Any pictures in the records below must be left out when you repeat the lines from the line containing "In the Username" through the line containing "Today we're going" exactly.
═════ Dataset extract
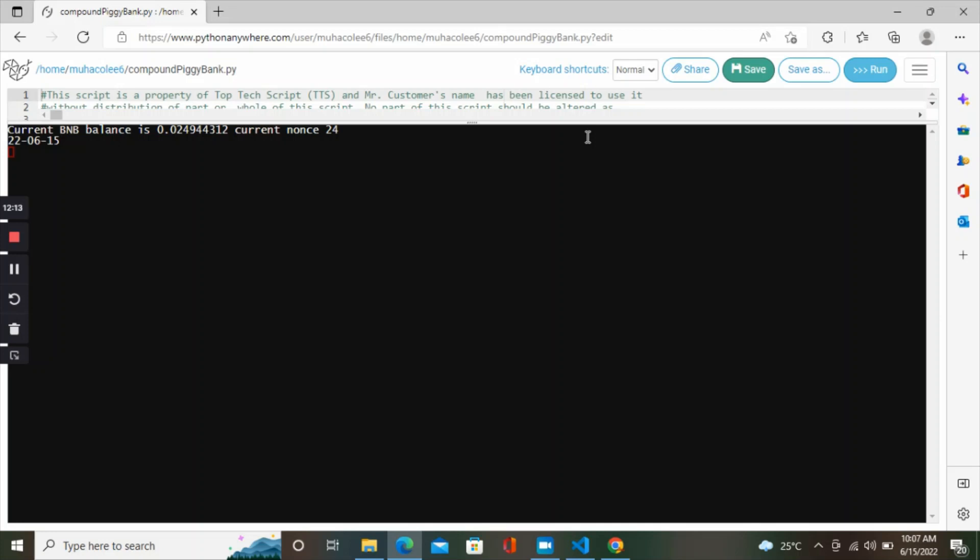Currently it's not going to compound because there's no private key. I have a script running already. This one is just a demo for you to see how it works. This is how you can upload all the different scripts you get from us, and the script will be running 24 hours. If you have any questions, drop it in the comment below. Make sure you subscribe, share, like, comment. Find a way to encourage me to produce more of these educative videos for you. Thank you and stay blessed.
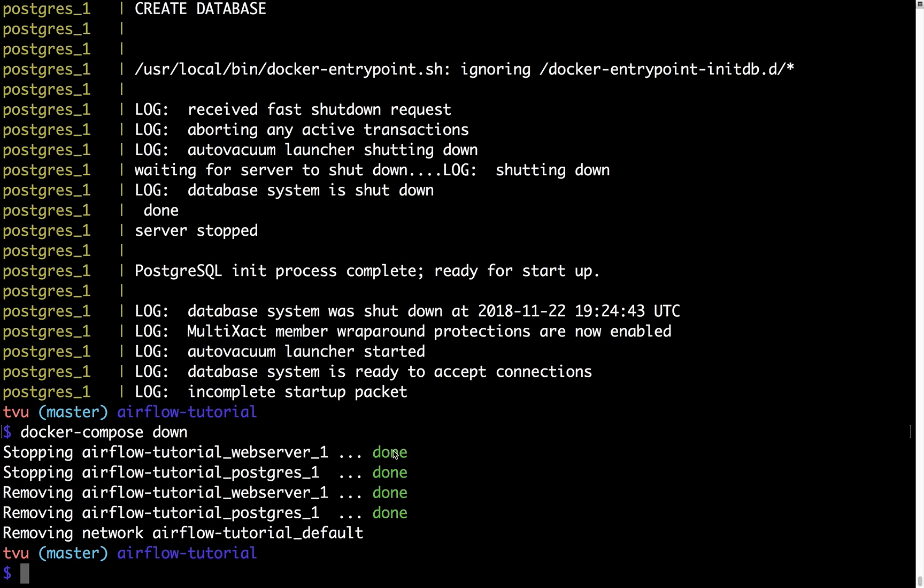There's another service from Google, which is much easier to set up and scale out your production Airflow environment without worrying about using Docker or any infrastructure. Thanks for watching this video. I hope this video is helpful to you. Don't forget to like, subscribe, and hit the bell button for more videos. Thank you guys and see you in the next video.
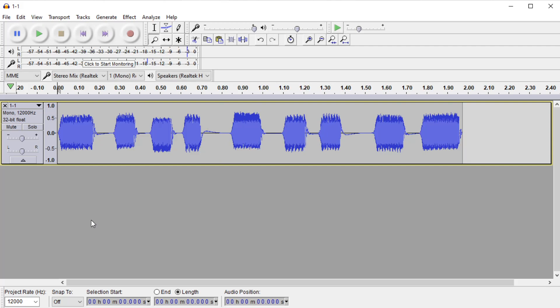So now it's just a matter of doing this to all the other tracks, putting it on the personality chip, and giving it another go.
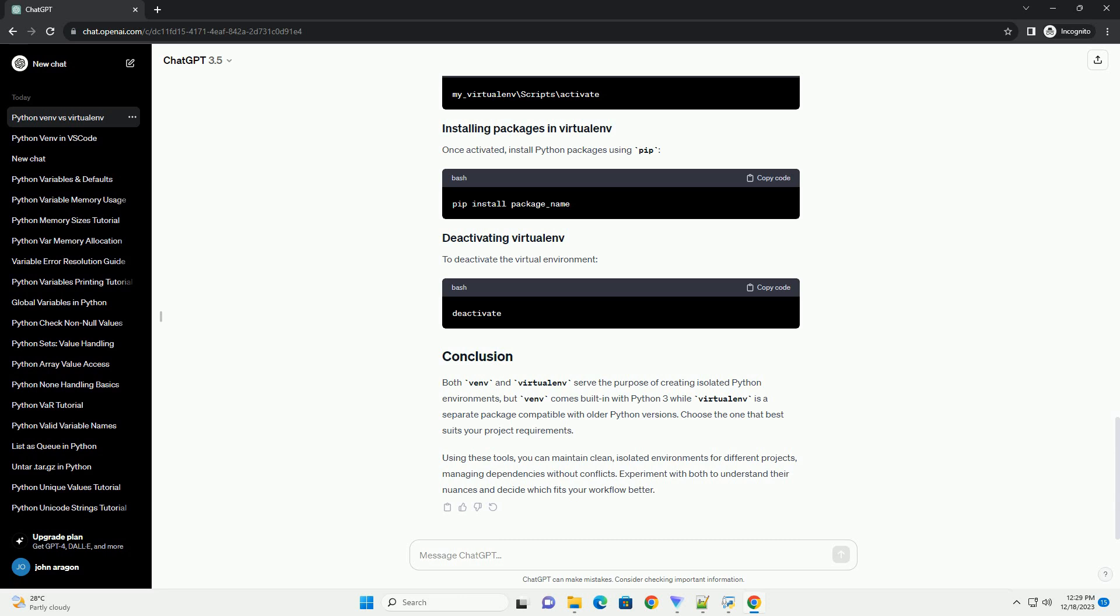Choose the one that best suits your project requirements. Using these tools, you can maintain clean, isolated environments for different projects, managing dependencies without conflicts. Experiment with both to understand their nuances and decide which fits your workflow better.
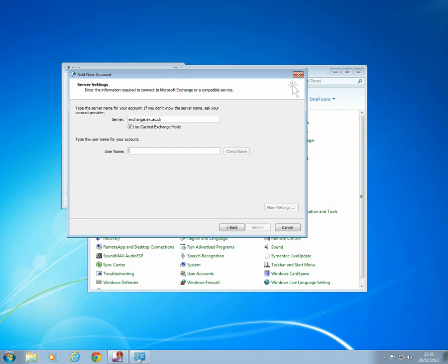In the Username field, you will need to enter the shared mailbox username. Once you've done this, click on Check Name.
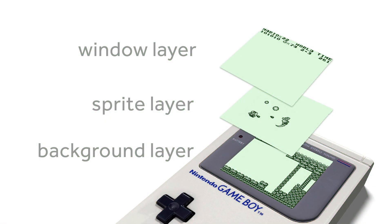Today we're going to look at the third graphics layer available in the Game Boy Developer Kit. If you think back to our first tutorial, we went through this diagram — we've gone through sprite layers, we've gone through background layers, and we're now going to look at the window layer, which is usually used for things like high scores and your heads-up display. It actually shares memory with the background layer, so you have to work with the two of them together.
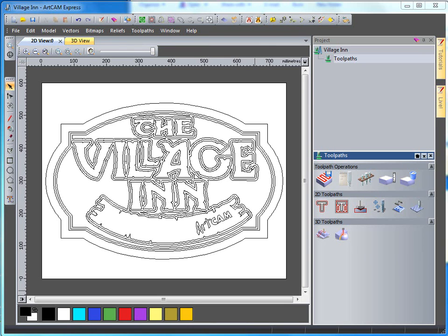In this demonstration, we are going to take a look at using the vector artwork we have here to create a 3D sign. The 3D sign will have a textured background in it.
══════════
Reply:
In the Username field, you will need to enter the shared mailbox username. Once you've done this, click on Check Name.
Today we're going to look at the third graphics layer available in the Game Boy Developer Kit. If you think back to our first tutorial, we went through this diagram — we've gone through sprite layers, we've gone through background layers, and we're now going to look at the window layer, which is usually used for things like high scores and your heads-up display. It actually shares memory with the background layer, so you have to work with the two of them together.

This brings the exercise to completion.